What this task involves
Write out the stretch of lines below that begins at the line with "Using a digital" and ends at the line with "Jam-proof, compact and", including both, exactly as given and nothing more.

====== Extracted material

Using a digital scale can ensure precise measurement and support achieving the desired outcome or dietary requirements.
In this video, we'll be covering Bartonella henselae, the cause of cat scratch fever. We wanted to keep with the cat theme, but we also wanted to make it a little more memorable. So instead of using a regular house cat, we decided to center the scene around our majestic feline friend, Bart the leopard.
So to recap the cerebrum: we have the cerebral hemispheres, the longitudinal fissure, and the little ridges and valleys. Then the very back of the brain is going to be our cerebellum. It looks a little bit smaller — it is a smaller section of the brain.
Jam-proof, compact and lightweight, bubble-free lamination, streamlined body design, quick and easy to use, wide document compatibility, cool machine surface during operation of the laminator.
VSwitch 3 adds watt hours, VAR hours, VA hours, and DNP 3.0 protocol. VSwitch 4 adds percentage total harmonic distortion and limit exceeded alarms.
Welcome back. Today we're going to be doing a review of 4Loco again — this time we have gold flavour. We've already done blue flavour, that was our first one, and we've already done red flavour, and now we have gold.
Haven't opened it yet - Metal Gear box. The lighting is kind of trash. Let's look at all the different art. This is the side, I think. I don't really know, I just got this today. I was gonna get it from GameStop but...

============
====== Extracted material

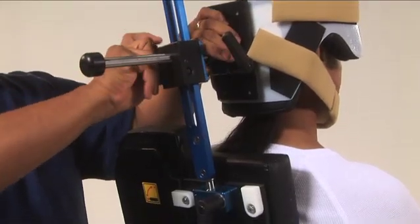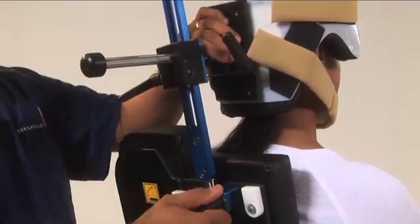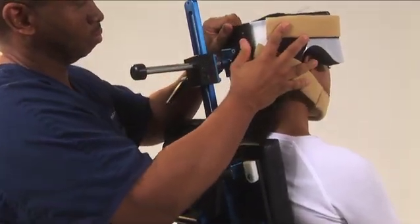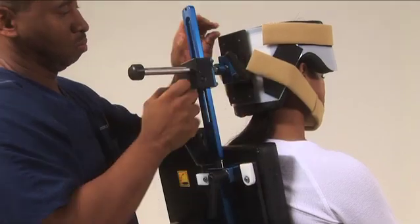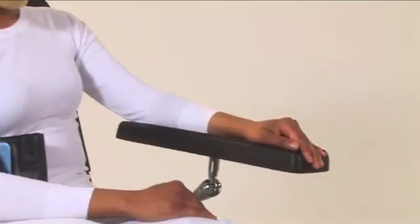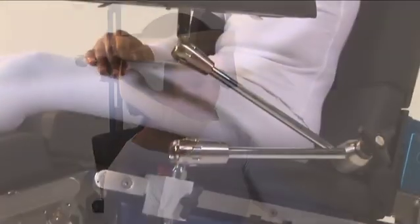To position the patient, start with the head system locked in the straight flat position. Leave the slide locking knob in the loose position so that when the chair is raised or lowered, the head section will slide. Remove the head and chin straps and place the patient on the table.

============
====== Extracted material

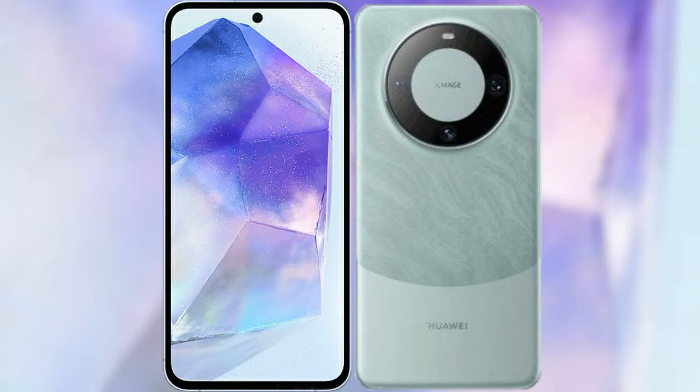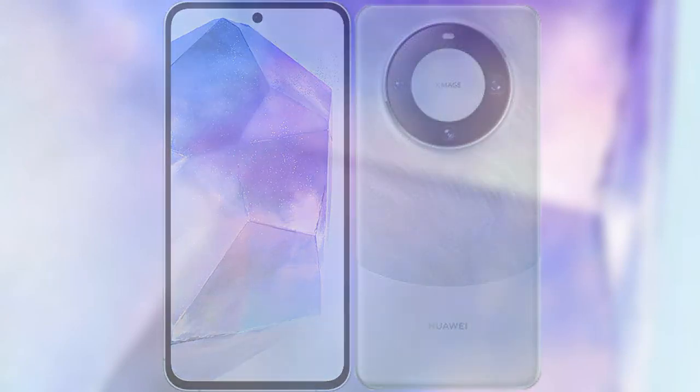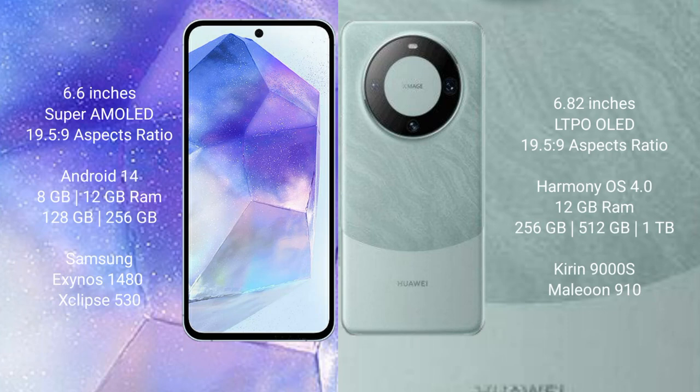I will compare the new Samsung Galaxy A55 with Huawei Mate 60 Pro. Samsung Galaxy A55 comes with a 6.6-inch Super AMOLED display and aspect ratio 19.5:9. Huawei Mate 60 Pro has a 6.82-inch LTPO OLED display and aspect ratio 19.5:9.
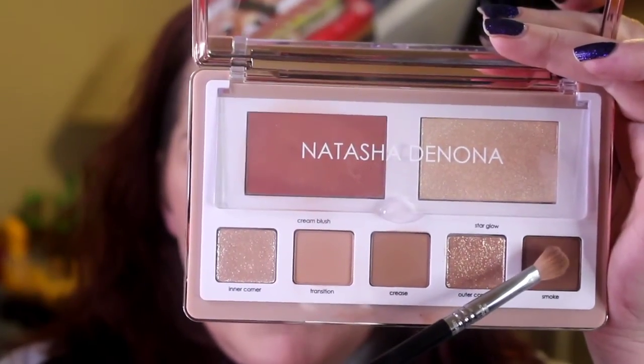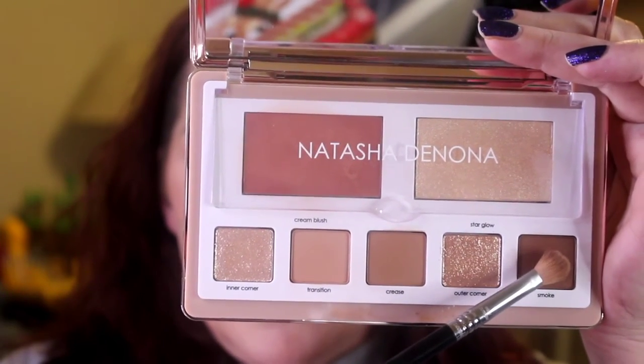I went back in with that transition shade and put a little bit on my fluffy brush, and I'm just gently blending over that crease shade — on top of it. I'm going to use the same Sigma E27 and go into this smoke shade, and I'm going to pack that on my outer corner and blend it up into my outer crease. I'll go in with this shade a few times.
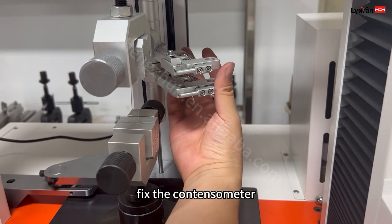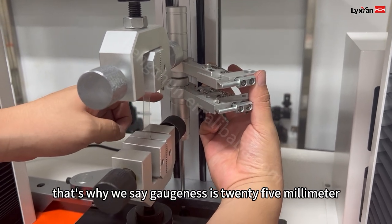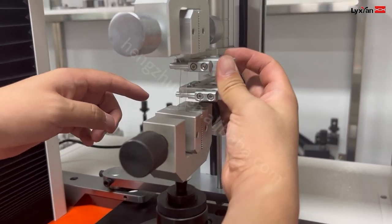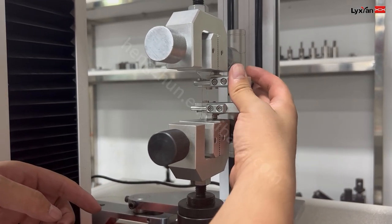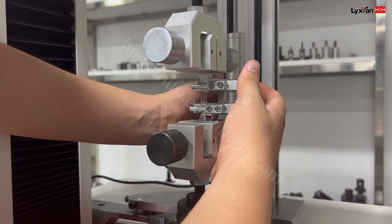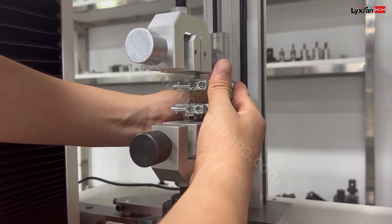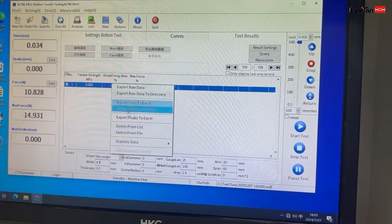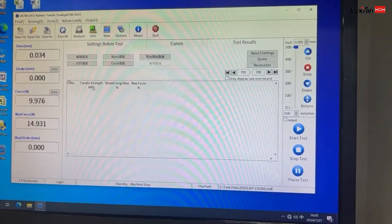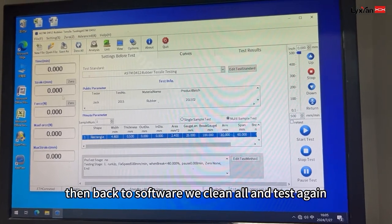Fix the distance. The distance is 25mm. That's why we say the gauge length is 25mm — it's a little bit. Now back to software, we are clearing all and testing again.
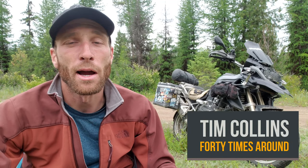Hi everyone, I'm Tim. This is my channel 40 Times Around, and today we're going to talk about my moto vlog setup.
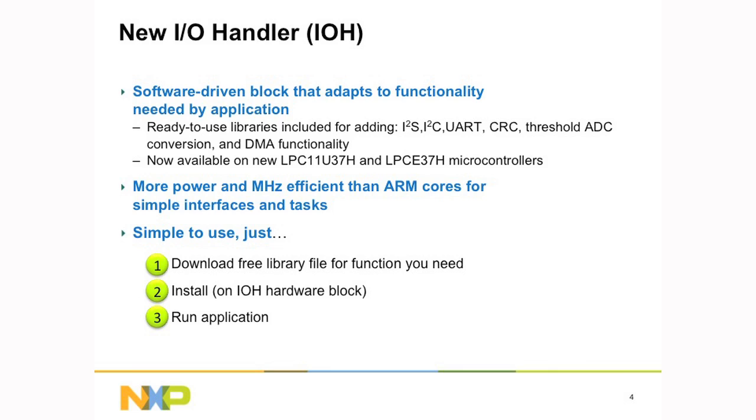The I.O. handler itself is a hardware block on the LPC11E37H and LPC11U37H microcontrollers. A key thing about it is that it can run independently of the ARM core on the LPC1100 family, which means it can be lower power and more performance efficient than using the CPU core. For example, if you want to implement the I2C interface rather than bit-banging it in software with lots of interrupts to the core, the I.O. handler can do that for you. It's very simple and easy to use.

============

Exercise answer
Using a digital scale can ensure precise measurement and support achieving the desired outcome or dietary requirements.
In this video, we'll be covering Bartonella henselae, the cause of cat scratch fever. We wanted to keep with the cat theme, but we also wanted to make it a little more memorable. So instead of using a regular house cat, we decided to center the scene around our majestic feline friend, Bart the leopard.
So to recap the cerebrum: we have the cerebral hemispheres, the longitudinal fissure, and the little ridges and valleys. Then the very back of the brain is going to be our cerebellum. It looks a little bit smaller — it is a smaller section of the brain.
Jam-proof, compact and lightweight, bubble-free lamination, streamlined body design, quick and easy to use, wide document compatibility, cool machine surface during operation of the laminator.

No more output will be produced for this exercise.